Scala

Apache Spark, our big data framework of choice for this lab, is implemented in Scala, a compiled language on the JVM that supports a mix between functional and object-oriented programming. It is compatible with Java libraries. Some reasons why Spark was written in Scala are:

  1. Compiling to the JVM makes the codebase extremely portable and deploying applications as easy as sending the Java bytecode (typically packaged in a Java ARchive format, or JAR). This simplifies deploying to cloud provider big data platforms as we don't need specific knowledge of the operating system, or even the underlying architecture.

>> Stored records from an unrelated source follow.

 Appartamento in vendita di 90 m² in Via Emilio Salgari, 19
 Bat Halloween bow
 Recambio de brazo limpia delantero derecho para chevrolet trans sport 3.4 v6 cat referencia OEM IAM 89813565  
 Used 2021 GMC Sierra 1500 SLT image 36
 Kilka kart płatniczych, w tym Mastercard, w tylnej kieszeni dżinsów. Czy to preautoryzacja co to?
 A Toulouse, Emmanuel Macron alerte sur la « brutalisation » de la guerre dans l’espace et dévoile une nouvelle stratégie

  2. Compared to Java, Scala has some advantages in supporting more complex types, type inference, and anonymous functions (Since Java 8, Java also supports anonymous functions, or lambda expression, but this version wasn't released at the time of Spark's initial release.). Matei Zaharia, Apache Spark's original author, has said the following about why Spark was implemented in Scala in a Reddit AMA:

    At the time we started, I really wanted a PL that supports a language-integrated interface (where people write functions inline, etc), because I thought that was the way people would want to program these applications after seeing research systems that had it (specifically Microsoft's DryadLINQ). However, I also wanted to be on the JVM in order to easily interact with the Hadoop filesystem and data formats for that. Scala was the only somewhat popular JVM language then that offered this kind of functional syntax and was also statically typed (letting us have some control over performance), so we chose that. Today there might be an argument to make the first version of the API in Java with Java 8, but we also benefitted from other aspects of Scala in Spark, like type inference, pattern matching, actor libraries, etc.

Apache Spark provides interfaces to Scala, R, Java and Python, but we will be using Scala to program in this lab. An introduction to Scala can be found on the Scala language site. You can have a brief look at it, but you can also pick up topics as you go through the lab.